(Items listed in a dataset)
>>>

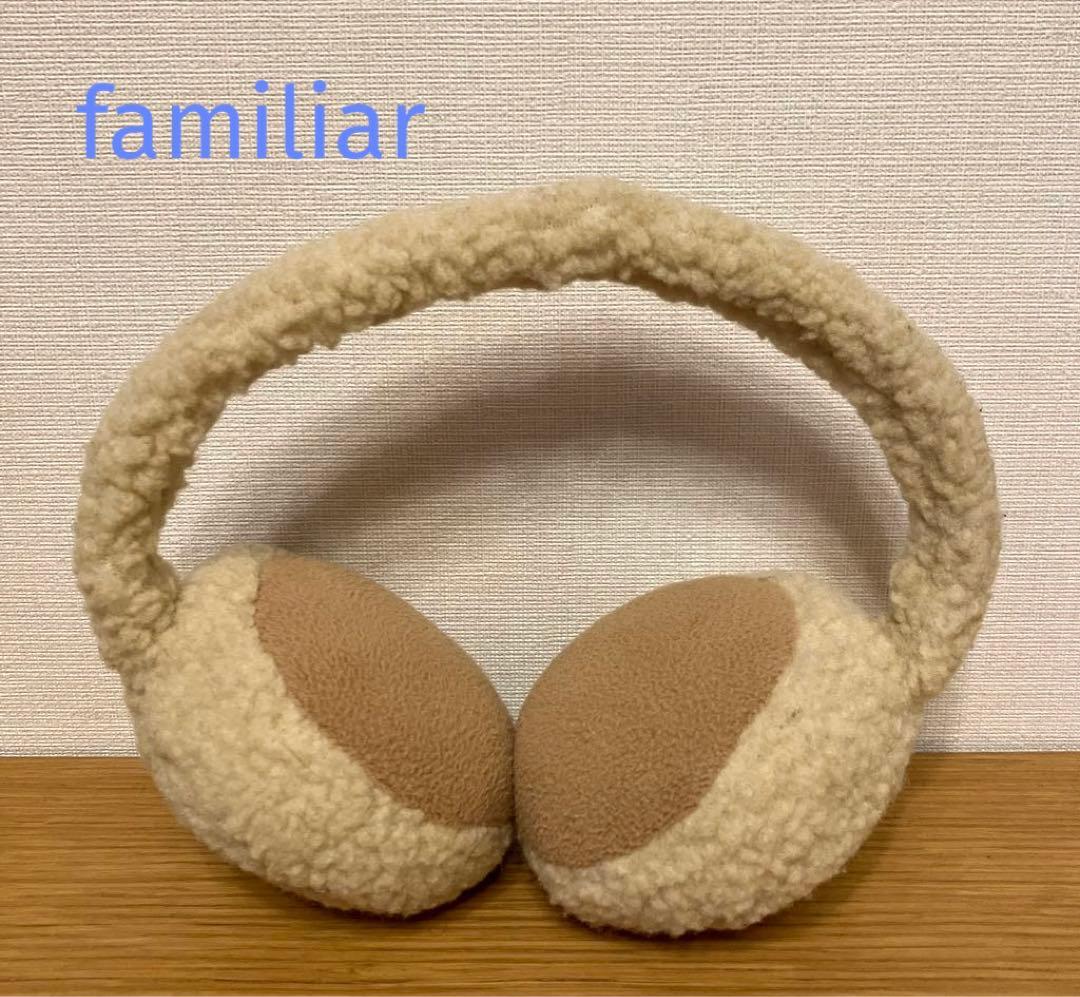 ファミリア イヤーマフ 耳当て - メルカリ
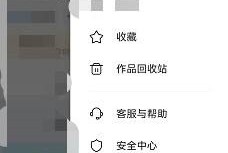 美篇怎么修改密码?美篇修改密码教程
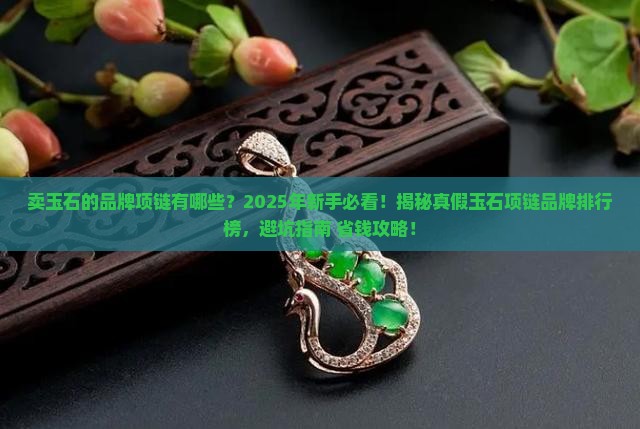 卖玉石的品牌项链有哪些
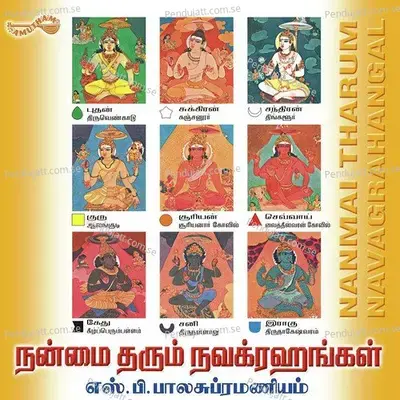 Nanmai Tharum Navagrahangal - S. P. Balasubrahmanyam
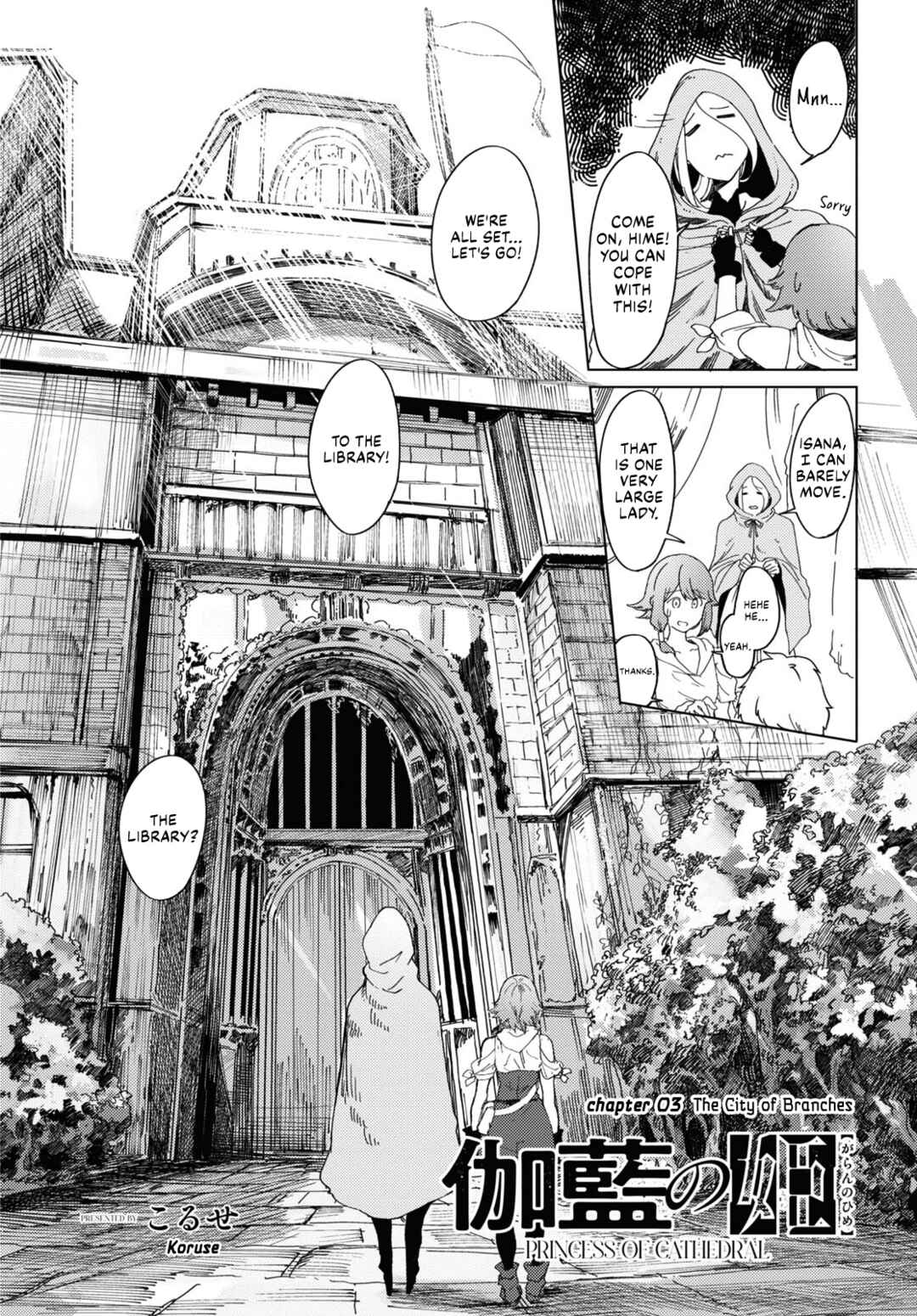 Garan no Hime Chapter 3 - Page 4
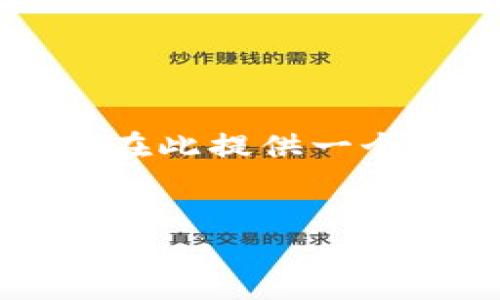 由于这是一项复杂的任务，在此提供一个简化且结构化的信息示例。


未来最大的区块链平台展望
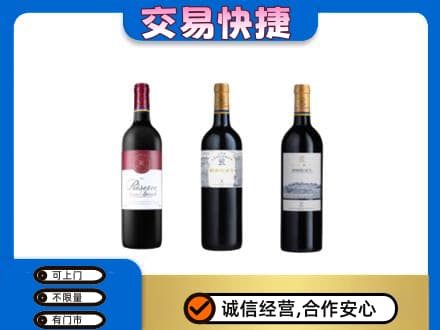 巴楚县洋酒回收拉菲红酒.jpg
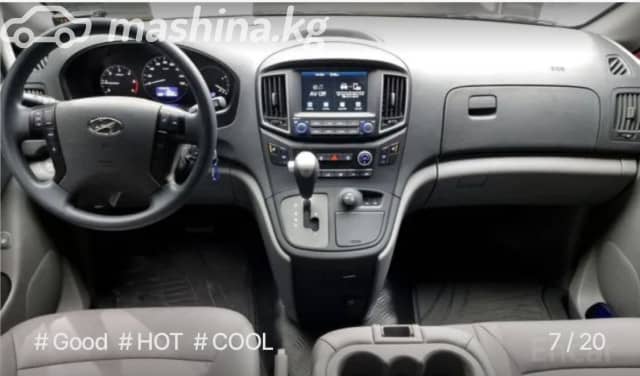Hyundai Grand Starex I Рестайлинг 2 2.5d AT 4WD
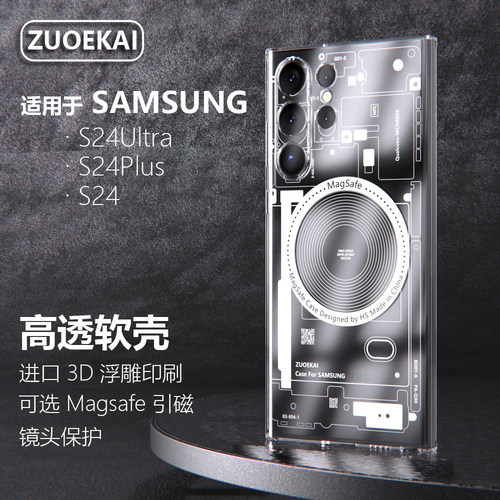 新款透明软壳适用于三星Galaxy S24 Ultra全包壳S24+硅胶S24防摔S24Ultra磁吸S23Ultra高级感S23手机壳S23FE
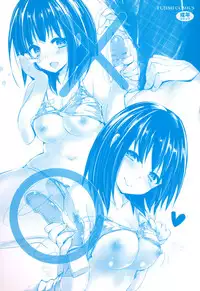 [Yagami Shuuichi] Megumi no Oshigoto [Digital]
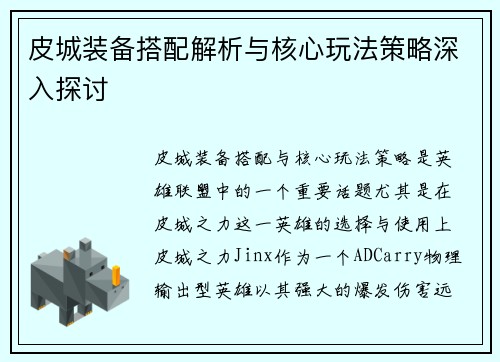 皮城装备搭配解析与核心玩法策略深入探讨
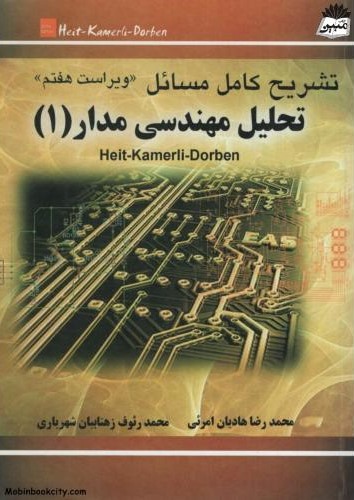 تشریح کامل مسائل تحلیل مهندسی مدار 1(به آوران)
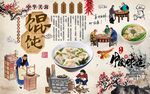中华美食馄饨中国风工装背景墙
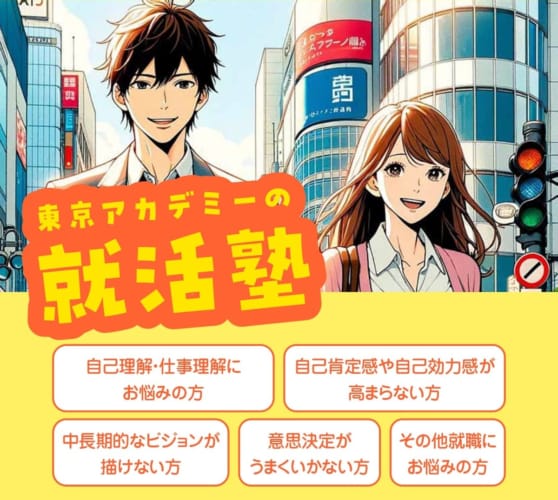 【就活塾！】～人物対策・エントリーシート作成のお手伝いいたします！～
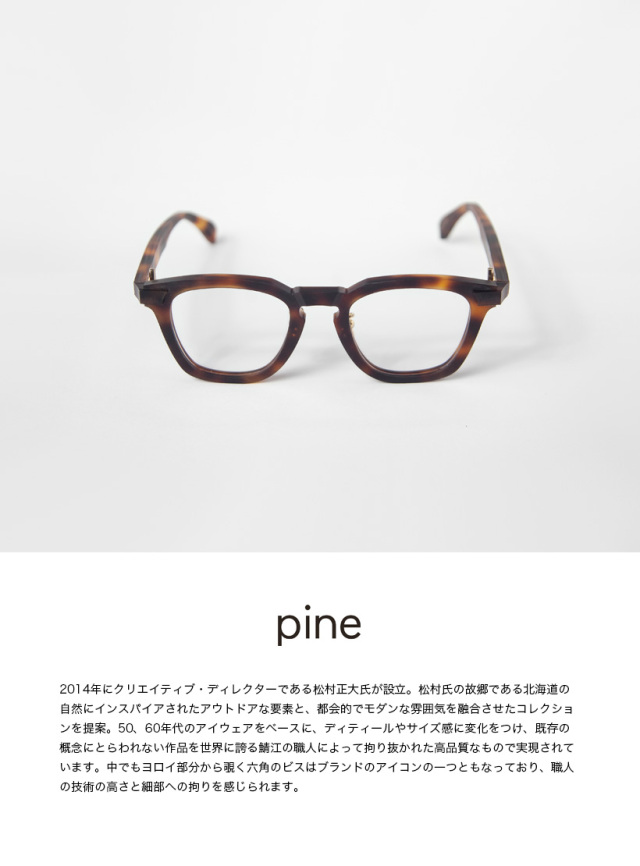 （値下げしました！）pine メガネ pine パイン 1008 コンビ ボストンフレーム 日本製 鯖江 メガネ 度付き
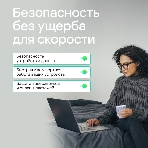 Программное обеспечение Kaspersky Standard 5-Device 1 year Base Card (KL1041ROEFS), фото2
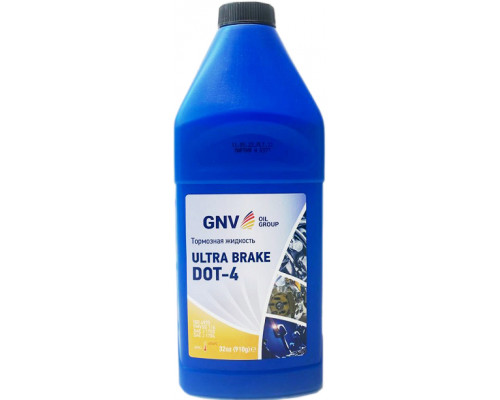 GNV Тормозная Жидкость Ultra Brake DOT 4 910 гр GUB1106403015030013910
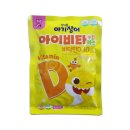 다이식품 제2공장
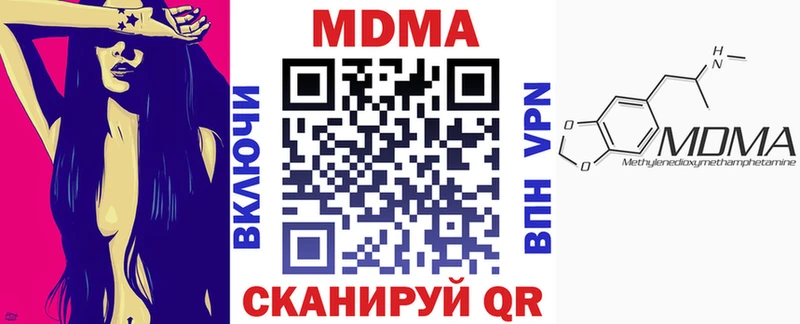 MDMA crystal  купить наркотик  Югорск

<<<

## About this task
Each line above from the one containing "[Yagami Shuuichi] Megumi" through the one containing "日本製 鯖江 メガネ 度付き" is to be returned verbatim. Nothing else, and no pictures.

## Exercise response
 [Yagami Shuuichi] Megumi no Oshigoto [Digital]
 皮城装备搭配解析与核心玩法策略深入探讨
 تشریح کامل مسائل تحلیل مهندسی مدار 1(به آوران)
中华美食馄饨中国风工装背景墙
 【就活塾！】～人物対策・エントリーシート作成のお手伝いいたします！～
 （値下げしました！）pine メガネ pine パイン 1008 コンビ ボストンフレーム 日本製 鯖江 メガネ 度付き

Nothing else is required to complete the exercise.